[Collected data]
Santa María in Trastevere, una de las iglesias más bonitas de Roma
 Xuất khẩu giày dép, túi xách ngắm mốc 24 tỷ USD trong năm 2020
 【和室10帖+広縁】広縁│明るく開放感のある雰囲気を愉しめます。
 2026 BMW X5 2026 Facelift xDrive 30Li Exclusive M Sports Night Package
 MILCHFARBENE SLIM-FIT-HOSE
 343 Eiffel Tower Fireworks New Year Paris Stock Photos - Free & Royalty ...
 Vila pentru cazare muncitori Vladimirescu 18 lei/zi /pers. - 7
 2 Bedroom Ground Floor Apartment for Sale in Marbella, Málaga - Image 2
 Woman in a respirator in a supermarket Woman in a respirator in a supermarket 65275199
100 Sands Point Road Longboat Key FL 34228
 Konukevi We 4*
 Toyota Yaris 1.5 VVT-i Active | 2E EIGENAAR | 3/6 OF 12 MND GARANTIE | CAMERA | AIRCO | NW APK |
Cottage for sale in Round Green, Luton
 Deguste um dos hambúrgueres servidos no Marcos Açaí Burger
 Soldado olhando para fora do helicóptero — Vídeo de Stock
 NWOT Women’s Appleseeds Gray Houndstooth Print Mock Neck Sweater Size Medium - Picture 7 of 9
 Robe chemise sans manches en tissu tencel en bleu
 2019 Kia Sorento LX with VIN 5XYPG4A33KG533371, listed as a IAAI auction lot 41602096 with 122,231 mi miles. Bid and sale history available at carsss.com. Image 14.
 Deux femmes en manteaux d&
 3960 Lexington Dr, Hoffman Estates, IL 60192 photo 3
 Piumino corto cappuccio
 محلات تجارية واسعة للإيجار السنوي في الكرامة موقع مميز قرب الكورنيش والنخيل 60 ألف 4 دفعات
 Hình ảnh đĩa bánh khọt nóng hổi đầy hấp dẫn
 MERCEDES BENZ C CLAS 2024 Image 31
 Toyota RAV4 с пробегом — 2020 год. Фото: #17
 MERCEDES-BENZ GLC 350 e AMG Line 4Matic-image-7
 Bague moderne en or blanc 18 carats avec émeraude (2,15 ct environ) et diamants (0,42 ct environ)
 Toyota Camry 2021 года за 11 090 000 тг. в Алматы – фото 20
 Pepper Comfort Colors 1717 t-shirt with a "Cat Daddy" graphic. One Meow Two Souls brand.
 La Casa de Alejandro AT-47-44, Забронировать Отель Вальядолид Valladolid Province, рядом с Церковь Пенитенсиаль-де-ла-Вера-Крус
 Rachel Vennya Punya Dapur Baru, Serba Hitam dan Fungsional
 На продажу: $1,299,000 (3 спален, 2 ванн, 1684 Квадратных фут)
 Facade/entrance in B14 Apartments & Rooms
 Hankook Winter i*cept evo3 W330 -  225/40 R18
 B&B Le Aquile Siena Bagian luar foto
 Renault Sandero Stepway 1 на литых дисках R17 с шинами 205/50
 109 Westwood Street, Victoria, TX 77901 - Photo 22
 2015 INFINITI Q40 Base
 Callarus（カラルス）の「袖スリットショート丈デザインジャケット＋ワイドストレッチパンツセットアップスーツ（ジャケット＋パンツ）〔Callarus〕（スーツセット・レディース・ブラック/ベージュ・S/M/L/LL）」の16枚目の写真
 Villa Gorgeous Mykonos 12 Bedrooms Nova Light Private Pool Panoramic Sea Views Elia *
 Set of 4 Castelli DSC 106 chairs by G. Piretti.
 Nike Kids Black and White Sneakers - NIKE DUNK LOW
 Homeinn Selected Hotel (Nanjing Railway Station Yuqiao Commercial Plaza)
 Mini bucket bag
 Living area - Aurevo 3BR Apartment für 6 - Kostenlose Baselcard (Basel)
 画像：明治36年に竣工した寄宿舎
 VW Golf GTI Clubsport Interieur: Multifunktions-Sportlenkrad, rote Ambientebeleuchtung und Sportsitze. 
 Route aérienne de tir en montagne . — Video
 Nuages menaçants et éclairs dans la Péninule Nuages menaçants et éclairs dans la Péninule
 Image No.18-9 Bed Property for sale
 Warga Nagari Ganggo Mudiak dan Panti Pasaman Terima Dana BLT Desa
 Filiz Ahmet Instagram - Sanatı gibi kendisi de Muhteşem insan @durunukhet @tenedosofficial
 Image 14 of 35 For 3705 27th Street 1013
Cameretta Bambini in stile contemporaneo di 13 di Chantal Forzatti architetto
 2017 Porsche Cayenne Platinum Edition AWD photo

- **WHAT IS REQUIRED**: Could you give the number of lines in the entries that contain the string "Street"? Only the number, please.

- **EXERCISE SOLUTION**: 2